_TO DO_
Transcribe all the records with complete accuracy.

*** Opening of INPUT DATA ***

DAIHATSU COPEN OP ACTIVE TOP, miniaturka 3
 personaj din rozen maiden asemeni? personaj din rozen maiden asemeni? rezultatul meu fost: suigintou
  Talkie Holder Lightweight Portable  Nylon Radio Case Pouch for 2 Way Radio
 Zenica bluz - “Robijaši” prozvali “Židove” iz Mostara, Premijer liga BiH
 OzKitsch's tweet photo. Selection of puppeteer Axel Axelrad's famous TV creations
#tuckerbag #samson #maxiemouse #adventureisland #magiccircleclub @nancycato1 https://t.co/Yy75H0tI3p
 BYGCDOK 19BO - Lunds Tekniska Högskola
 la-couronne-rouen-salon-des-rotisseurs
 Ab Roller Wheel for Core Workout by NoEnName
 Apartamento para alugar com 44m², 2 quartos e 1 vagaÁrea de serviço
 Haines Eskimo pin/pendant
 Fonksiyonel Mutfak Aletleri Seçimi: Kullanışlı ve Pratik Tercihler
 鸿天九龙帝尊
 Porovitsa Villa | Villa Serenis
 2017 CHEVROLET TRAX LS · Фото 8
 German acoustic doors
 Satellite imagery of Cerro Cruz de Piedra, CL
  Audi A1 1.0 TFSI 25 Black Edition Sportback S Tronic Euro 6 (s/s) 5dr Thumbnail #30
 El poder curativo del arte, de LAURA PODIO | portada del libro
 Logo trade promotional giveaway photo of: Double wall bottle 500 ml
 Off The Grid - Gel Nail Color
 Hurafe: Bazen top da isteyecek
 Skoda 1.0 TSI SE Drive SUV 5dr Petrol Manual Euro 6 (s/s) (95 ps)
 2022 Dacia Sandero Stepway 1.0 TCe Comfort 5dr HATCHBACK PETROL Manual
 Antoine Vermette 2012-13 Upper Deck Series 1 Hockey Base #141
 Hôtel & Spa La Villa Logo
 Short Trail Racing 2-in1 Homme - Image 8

*** Close of INPUT DATA ***

_TASK ANSWER_
DAIHATSU COPEN OP ACTIVE TOP, miniaturka 3
 personaj din rozen maiden asemeni? personaj din rozen maiden asemeni? rezultatul meu fost: suigintou
  Talkie Holder Lightweight Portable  Nylon Radio Case Pouch for 2 Way Radio
 Zenica bluz - “Robijaši” prozvali “Židove” iz Mostara, Premijer liga BiH
 OzKitsch's tweet photo. Selection of puppeteer Axel Axelrad's famous TV creations
#tuckerbag #samson #maxiemouse #adventureisland #magiccircleclub @nancycato1 https://t.co/Yy75H0tI3p
 BYGCDOK 19BO - Lunds Tekniska Högskola
 la-couronne-rouen-salon-des-rotisseurs
 Ab Roller Wheel for Core Workout by NoEnName
 Apartamento para alugar com 44m², 2 quartos e 1 vagaÁrea de serviço
 Haines Eskimo pin/pendant
 Fonksiyonel Mutfak Aletleri Seçimi: Kullanışlı ve Pratik Tercihler
 鸿天九龙帝尊
 Porovitsa Villa | Villa Serenis
 2017 CHEVROLET TRAX LS · Фото 8
 German acoustic doors
 Satellite imagery of Cerro Cruz de Piedra, CL
  Audi A1 1.0 TFSI 25 Black Edition Sportback S Tronic Euro 6 (s/s) 5dr Thumbnail #30
 El poder curativo del arte, de LAURA PODIO | portada del libro
 Logo trade promotional giveaway photo of: Double wall bottle 500 ml
 Off The Grid - Gel Nail Color
 Hurafe: Bazen top da isteyecek
 Skoda 1.0 TSI SE Drive SUV 5dr Petrol Manual Euro 6 (s/s) (95 ps)
 2022 Dacia Sandero Stepway 1.0 TCe Comfort 5dr HATCHBACK PETROL Manual
 Antoine Vermette 2012-13 Upper Deck Series 1 Hockey Base #141
 Hôtel & Spa La Villa Logo
 Short Trail Racing 2-in1 Homme - Image 8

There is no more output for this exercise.